In March, 777 Partners ordered 24 737 Max 8s and took options to buy 60 additional examples.

At the time, Boeing said that the firm intended to lease the jets to “affiliated operating low-cost carriers,” but neither it nor 777 Partners gave further details.

As of 2019, 777 Partners was listed as owning 25% of Canada’s Flair Airlines, with the balance owned by private investors. In January 2021, Flair said it would lease 13 new 737 Max 8s from 777 Partners.

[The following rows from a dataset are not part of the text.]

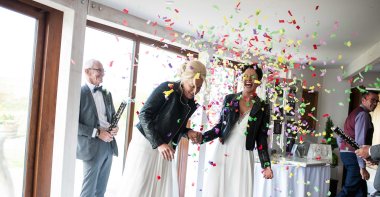 Brides Confetti At Lesbian Wedding Of Emma And Amy At Ocean Kave Image By Mrsjutsonphotography 1 5 380X197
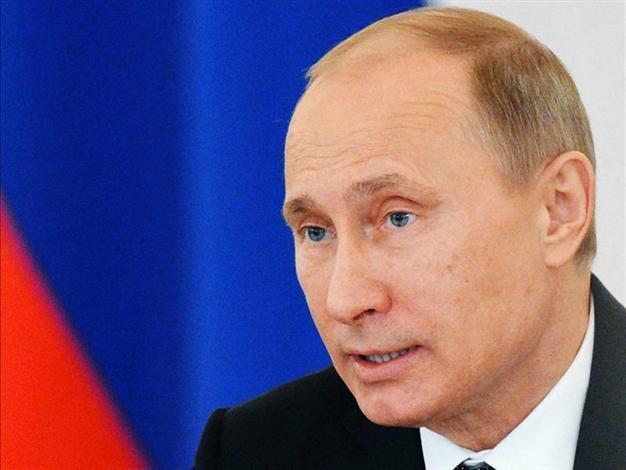 Putin signs anti-US adoption law: Kremlin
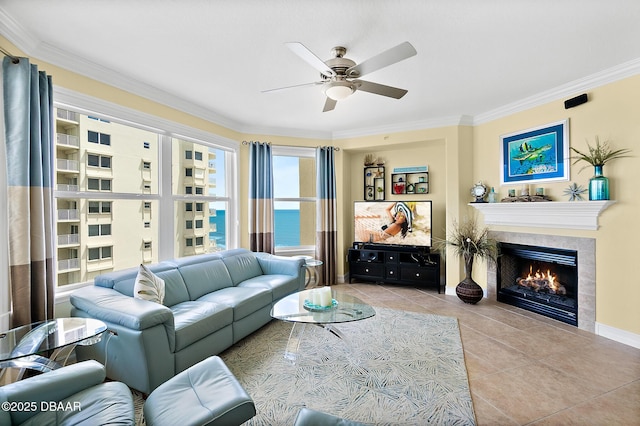 3343 S Atlantic Ave Unit 601, Daytona Beach Shores, FL 32118 - living room with tile patterned floors, crown molding, ceiling fan, and a warm lit fireplace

“There is a huge opportunity to both do good and do well by democratising air travel through lower costs,” says Josh Wander, managing partner at 777 Partners. “We want to increase consumer choice and make travel more affordable and more accessible for all Australians.”

Bonza will enter a highly-competitive Australian market, where Qantas and Jetstar vie with a rebooted Virgin Australia, and where Regional Express has moved beyond being a regional operator to operate mainline domestic routes.